=== DATA PROVIDED ===
________________________
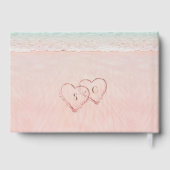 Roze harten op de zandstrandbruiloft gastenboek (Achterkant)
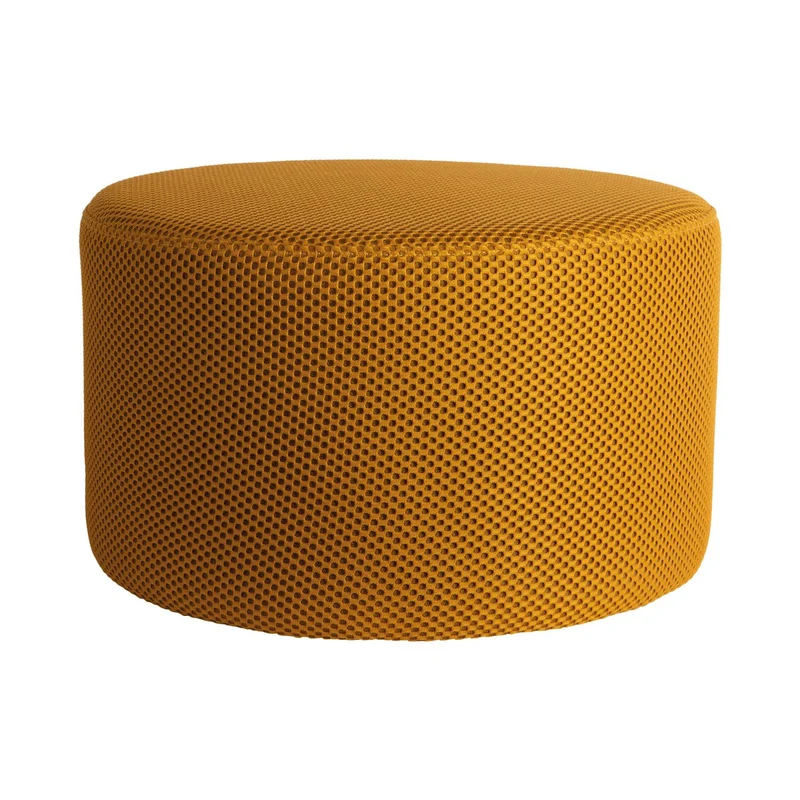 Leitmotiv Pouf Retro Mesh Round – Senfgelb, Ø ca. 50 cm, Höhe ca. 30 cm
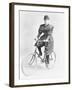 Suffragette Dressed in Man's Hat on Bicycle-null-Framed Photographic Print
________________________
What belongs in the answer is each line above, reproduced exactly, and no picture.

=== ANSWER AREA ===
 Roze harten op de zandstrandbruiloft gastenboek (Achterkant)
 Leitmotiv Pouf Retro Mesh Round – Senfgelb, Ø ca. 50 cm, Höhe ca. 30 cm
 Suffragette Dressed in Man's Hat on Bicycle-null-Framed Photographic Print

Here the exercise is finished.